An unwritten rule in hockey is "Hockey players must carry their own gear." For 35-pound, 4-year-old Dynamites player Jaxson White, that means hoisting equipment that nearly weighs as much as he does.
"I want to be a goalie," White said as he walked into Treadwell Arena for the final games of the Juneau-Douglas Ice Association Dynamites hockey season. His gear rattled along behind him in his favorite Christmas present, a hockey roller bag. "I have the cool helmet and I painted black flames on my skates. I get to do red-light, green-light and on the last day you get to go to a party at the Island Pub for pizza. Hockey is fun."
For many Juneau hockey players, careers begin with the Dynamites (ages 3-5), an introduction into the correct lacing of skates, pants and putting gloves and skates on the correct appendages.
They then move through the ranks to Mites (5-8), Squirts (9-10), Peewees (11-12), Bantams (13-14), and Midgets (15-18). All five of the divisions are going to the state tournament this year.
JDIA coaching education program director Tom Ainsworth has been a driving force in the program for seven years. The Treadwell Arena opened in 2003. The youth hockey full season began in '04, and the younger Dynamites, or introductory program, kicked off in '05. Ainsworth said the younger children learn camaraderie, and how to play and associate with others through support from coaches, parents, and teammates. They learn basic skills such as stopping and positioning themselves. Heavily padded, they learn to be comfortable on the ice. They fall down, get up, and chase pucks and each other.
"Everybody walks off with a smile," Ainsworth said. "It is a great introduction to hockey."
While the younger Dynamites go through skills on half the rink, a ground-breaking program in its third year uses the other half. A girls' program recently launched in the JDIA. Half of the 30 girls on the ice started the program last year and half began this year. The group is a mixed skill level, which organizers say helps the girls become more involved in hockey.
JDIA board member and girls' coach Myiia Whistler, a former hockey player herself with a son currently playing high school hockey, said she joined the program because she wanted to give back to the community.
"We came up with the girls-only idea," Whistler said. "We want them to move on and continue to play but if this is all they do, than I am so happy to give them this opportunity."
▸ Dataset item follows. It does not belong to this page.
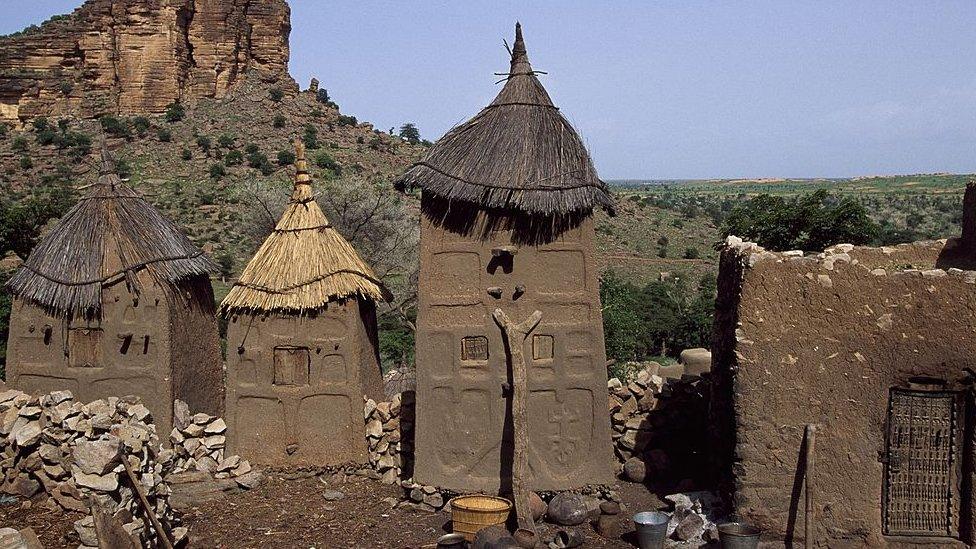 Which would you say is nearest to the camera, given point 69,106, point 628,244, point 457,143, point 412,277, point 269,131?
point 457,143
Emily Keithahn and Sarah Quigley, both 13, said they love being with friends and learning hockey skills. When mixed with boys, they sometimes feel overwhelmed, but an all-girls atmosphere provides another level of support.
As the girls skated toward the center of the rink and back, a smaller figure, engulfed in Dynamites hockey gear slowly drifted toward them. Just 5 years old, with a hockey stick seemingly twice as long as she is, Anna Dale crouched into position.
"Sliding is the best part," Dale said. "I love to hockey slide."